Nothing
## A grid search over lambda
#' Response Transformations for Random Effect and Variance Component Models
#'
#' @rdname optim.boxcox
#' @description The \code{optim.boxcox()} performs a grid search over the parameter \code{lambda}
#' for overdispersed generalized linear models and variance component models and
#' then optimizes over this grid, to calculate the maximum likelihood estimator of
#' the transformation.
#'
#'
#'
#' @details The Box-Cox transformation (Box & Cox, 1964) is applied to the overdispersed
#' generalized linear models and variance component models with an unspecified
#' mixing distribution. The NPML estimate of the mixing distribution is known
#' to be a discrete distribution involving a finite number of mass-points and corresponding
#' masses (Aitkin et al., 2009). An Expectation-Maximization (EM) algorithm is
#' used for fitting the finite mixture distribution, one needs to specify the
#' number of components \code{K} of the finite mixture in advance. To stop the EM-algorithm when it reached its convergence point,
#' we need to defined the convergence criteria that is the absolute change in
#' the successive log-likelihood function values being less than an arbitrary
#' parameter such as \code{EMdev.change} = 0.0001 (Einbeck et
#' at., 2014). This algorithm can be implemented using
#' the function \code{np.boxcoxmix()}, which is designed to account for overdispersed generalized
#' linear models and variance component models using the non-parametric
#' profile maximum likelihood (NPPML) estimation.
#'
#'
#' The ability of the EM algorithm to locate the global maximum in fewer iterations
#' can be affected by the choice of initial values, the function \code{optim.boxcox()}
#' allows us to choose from two different methods to set the initial value of the mass
#' points. When option "gq" is set, then Gauss-Hermite masses and mass points are used
#' as starting points in the EM algorithm, while setting start= "quantile" uses the
#' Quantile-based version to select the starting points.
#'
#'
#' \code{optim.boxcox()} performs a grid search over the parameter \code{lambda} and then
#' optimizes over this grid, to calculate the maximum likelihood estimator of the transformation.

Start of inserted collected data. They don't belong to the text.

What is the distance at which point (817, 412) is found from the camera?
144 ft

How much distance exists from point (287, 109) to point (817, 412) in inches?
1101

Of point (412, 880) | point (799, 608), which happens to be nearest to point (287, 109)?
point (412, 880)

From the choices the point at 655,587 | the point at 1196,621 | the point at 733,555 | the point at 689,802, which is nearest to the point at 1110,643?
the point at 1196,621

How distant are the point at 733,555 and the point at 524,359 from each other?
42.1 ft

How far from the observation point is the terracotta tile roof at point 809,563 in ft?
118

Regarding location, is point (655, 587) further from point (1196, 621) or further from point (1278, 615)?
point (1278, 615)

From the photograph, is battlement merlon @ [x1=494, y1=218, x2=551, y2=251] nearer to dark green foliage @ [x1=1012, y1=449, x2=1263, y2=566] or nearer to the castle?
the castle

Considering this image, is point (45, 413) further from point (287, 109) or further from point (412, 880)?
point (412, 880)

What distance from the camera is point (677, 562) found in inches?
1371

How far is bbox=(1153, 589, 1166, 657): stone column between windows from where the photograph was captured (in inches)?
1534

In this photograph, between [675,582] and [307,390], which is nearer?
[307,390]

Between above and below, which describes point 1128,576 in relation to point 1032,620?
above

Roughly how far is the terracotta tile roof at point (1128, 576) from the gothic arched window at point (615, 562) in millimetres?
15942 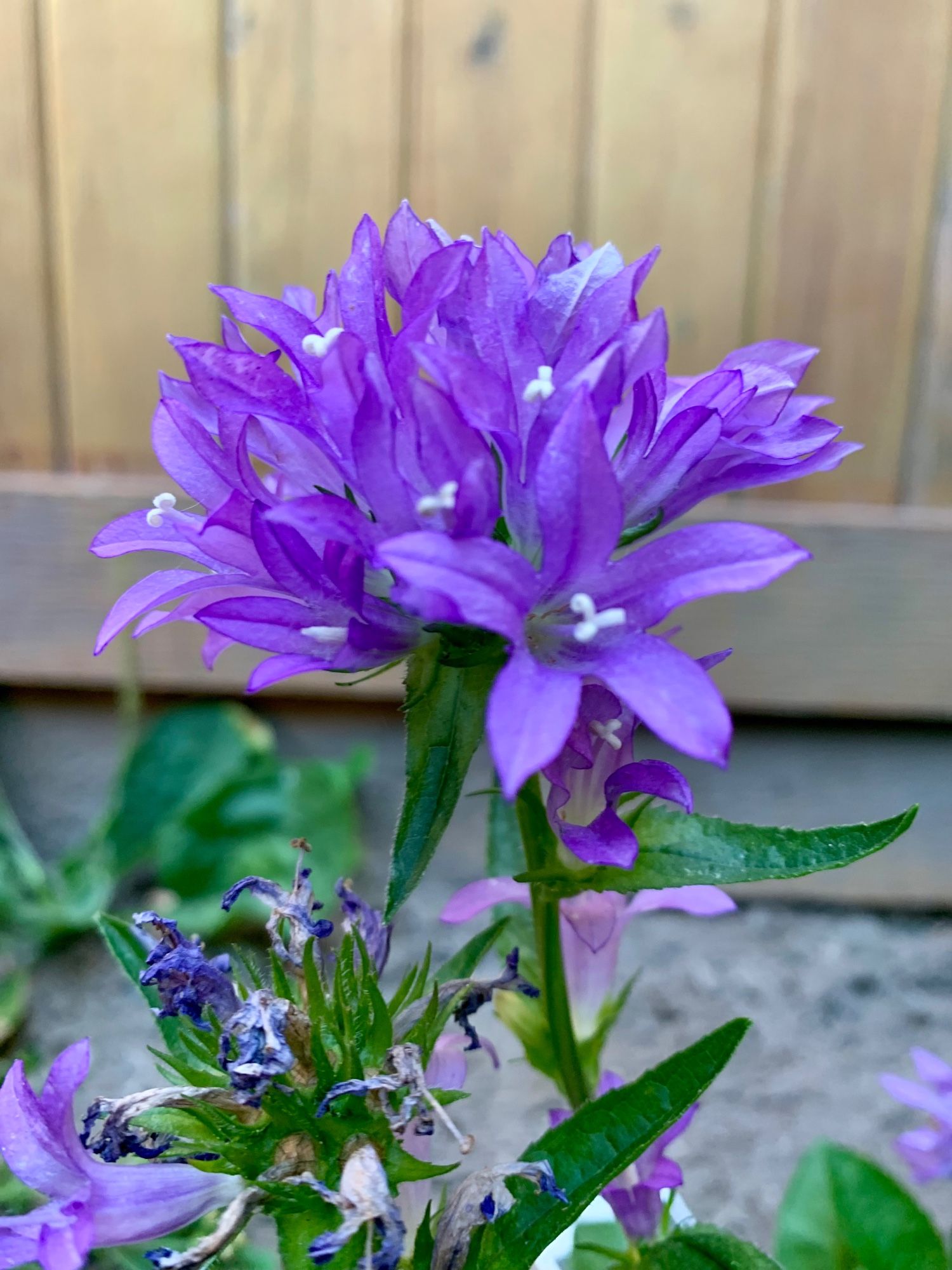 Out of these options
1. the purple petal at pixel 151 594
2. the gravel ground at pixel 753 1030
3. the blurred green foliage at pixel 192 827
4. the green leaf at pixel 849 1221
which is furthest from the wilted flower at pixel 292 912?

#' It produces a plot of the non-parametric profile likelihood function that summarises information
#' concerning \code{lambda}, including a vertical line indicating the best value of \code{lambda}
#' that maximizes the non-parametric profile log-likelihood.
#'
#' @param formula a formula describing the transformed response and the fixed
#' effect model (e.g. y ~ x).
#' @param groups the random effects. To fit overdispersion models, set \code{groups} = 1.
#' @param data a data frame containing variables used in the fixed and random
#' effect models.
#' @param K the number of mass points.
#' @param steps maximum number of iterations for the EM algorithm.
#' @param tol a positive scalar (usually, 0<\code{tol} <= 2)
#' @param start a description of the initial values to be used in the fitted
#' model, Quantile-based version "quantile" or Gaussian Quadrature "gq" can be
#' set.
#' @param EMdev.change a small scalar, with default 0.0001, used to determine
#' when to stop EM algorithm.
#' @param find.in.range search in a range of \code{lambda}, with default (-3,3)
#' in step of 0.1.
#' @param s number of points in the grid search of \code{lambda}.
#' @param plot.opt Set \code{plot.opt=3}, to plot the disparity against
#' iteration number and the profile log-likelihood against \code{lambda}.
#' Use \code{plot.opt=0}, to only plot the profile log-likelihood against \code{lambda}.
#' @param verbose If set to FALSE, no printed output on progress.
#' @param noformat Set \code{noformat = TRUE}, to change the formatting of the plots.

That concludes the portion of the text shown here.